Personne ne veut d'eux et tout est "arrangement" et "contrat".

 

Tout est contrat. Le contrat est omniprésent et tous les comportements sont analysés sont l'angle de la "faute contractuelle" : faute contractuelle que constitue le refus de se soumettre à un avortement de la part de la mère-porteuse ; faute contractuelle que constitue l'abandon immédiat des nouveaux-nés par leurs "parents d'intention. Contentieux de l'exécution ou de l'inexécution du contrat.

Tout est arrangement. Les "parents d'intention" sont en Californie titulaire des droits parentaux mais les transfèrent à la mère-porteuse pour éviter le procès.

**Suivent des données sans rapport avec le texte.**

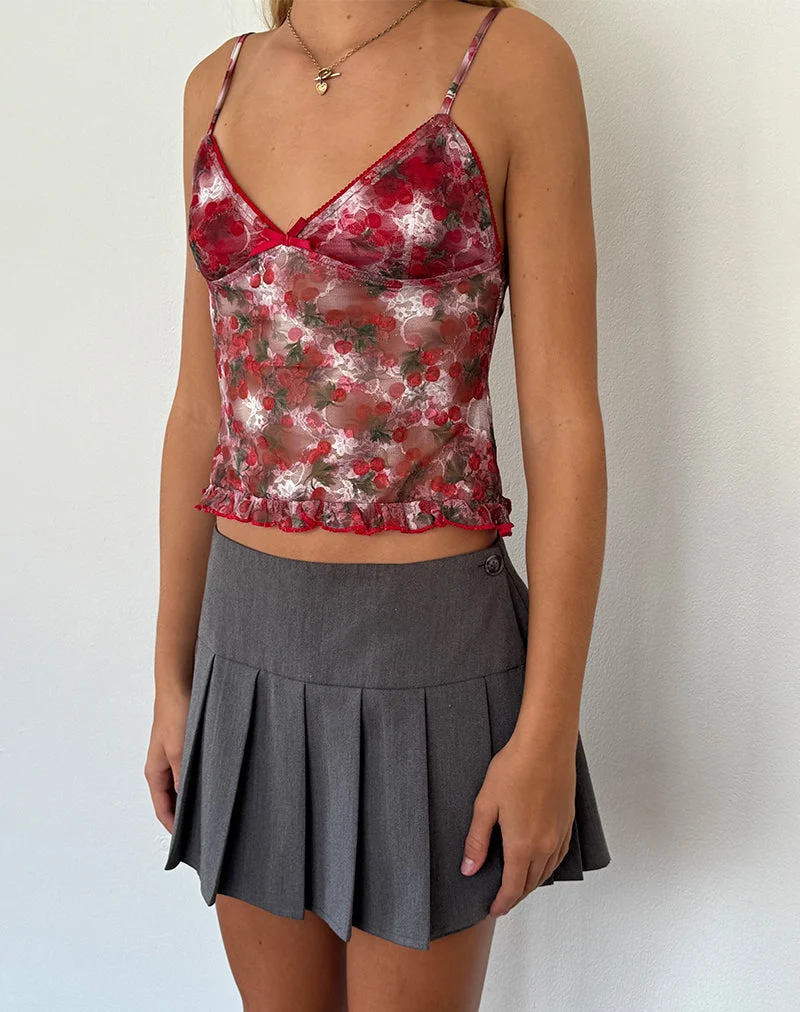 Top Rumaysa en dentelle imprimée Cherry
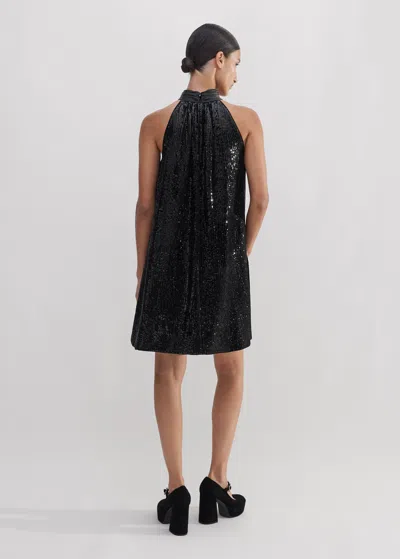 Me+em Silk-blend Sequin Short Swing Dress + Tie In Black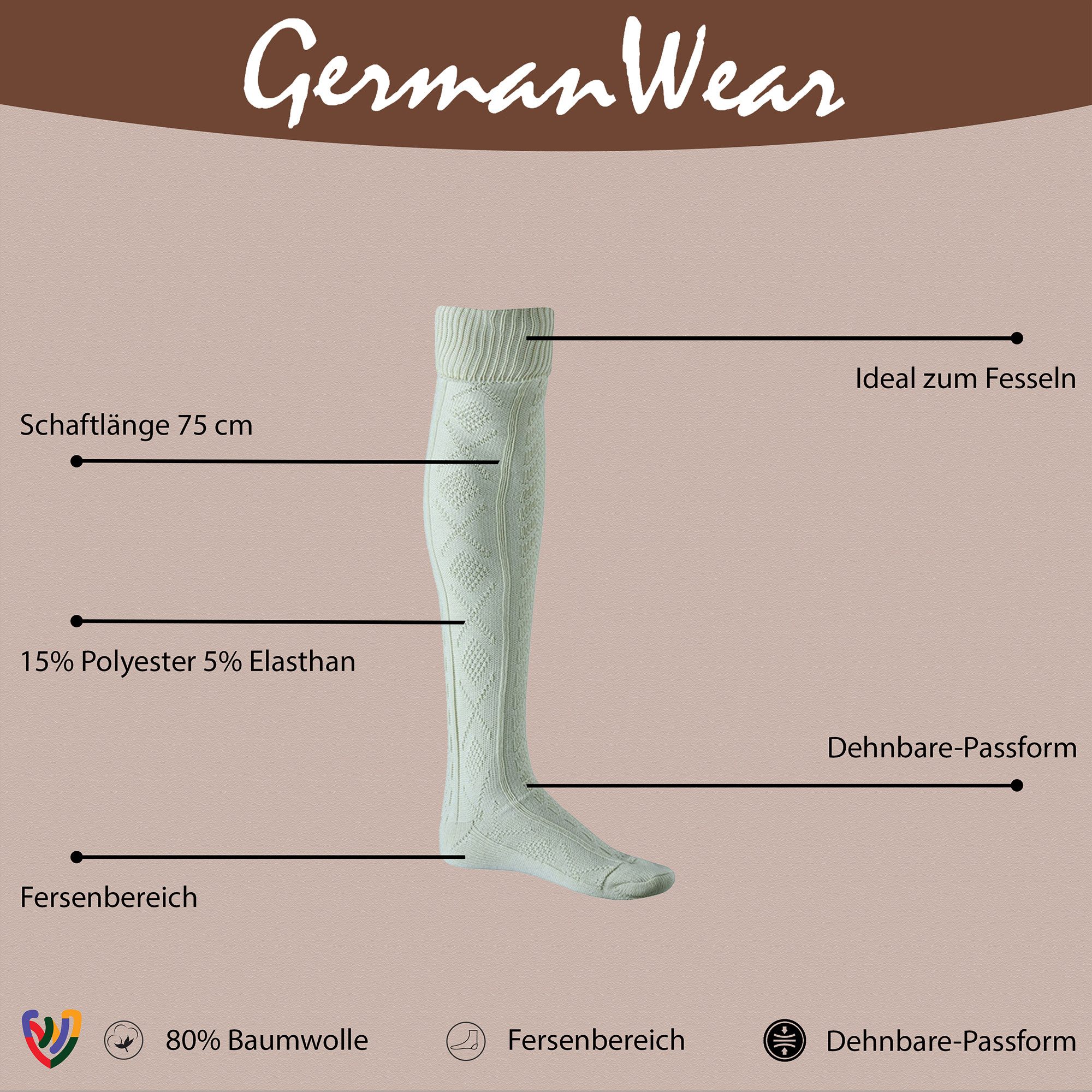 German Wear Trachtensocken GW260 EXTRA Lange Trachtensocken Kniehoch Strümpfe Socken 75cm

La mère-porteuse veut-elle beaucoup mieux, puisque titulaire de ces "droits", elle s'empresse de les "donner" à une "famille aimante (et l'on peut se demander si cela est fait à titre tout à fait gratuit) afin de continuer à engendrer d'autres enfants pour d'autres "parents d'intention". L'industrie a ses lois de production.

Les mécanismes institutionnels comme la filiation ou l'adoption sont utilisés comme des armes de négociation, dans les contrats et dans les procès, pour mieux obtenir l'exécution des contrats et éviter les procès.

Et parce que tout est arrangement, tout est droit et procès.

Comme l'explique avec le sourire l'avocat ayant écrit un cabinet spécialisé dans le "Droit de la reproduction", tout finit par "s'arranger".